But Michael Jordan also has literally a billion dollars, and even accounting for many unwise bets between now and then, he will have even more money by the time his whole physical thing shuts down. Biotech may also have progressed to a point where he can slowly have his whole body replaced by robot parts. Maybe, someday, he can even use them to play basketball again, in a nationwide barnstorming tour where RoboJordan and like eight CBA-level players take on a local NAIA College Squad. They use the '90's Bulls intro, give away some Jordan products, sell merch—t-shirts reading "RARE AIR: RoboJordan American Tour 2029"—play a bunch of Michael's greatest moments on the jumbotron.
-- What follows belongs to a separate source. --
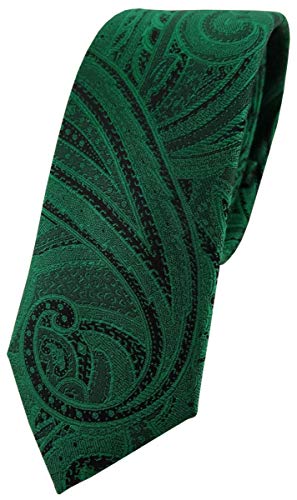 TigerTie - schmale Designer Seidenkrawatte in grün smaragdgrün schwarz Paisley gemustert von TigerTie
It will be great so see him back out there, cheating death for all us poor suckers!

RATING: TWO DOOMED MEN

MILLSAP

If I'm being honest, I wasn't really able to conjure any lengthy insights or high concept jokes regarding this mix of Paul Millsap thundering down on the Boston Celtics in Game 4 of Atlanta's first round series with the Hawks. I just think it's totally awesome and I want you to watch it. Millsap is one of the NBA's more taken-for-granted players, a second round pick from a mid-major school who has become an undeniable do-everything forward in the NBA while maintaining a impenetrable, Duncan-lite demeanor on and off the court.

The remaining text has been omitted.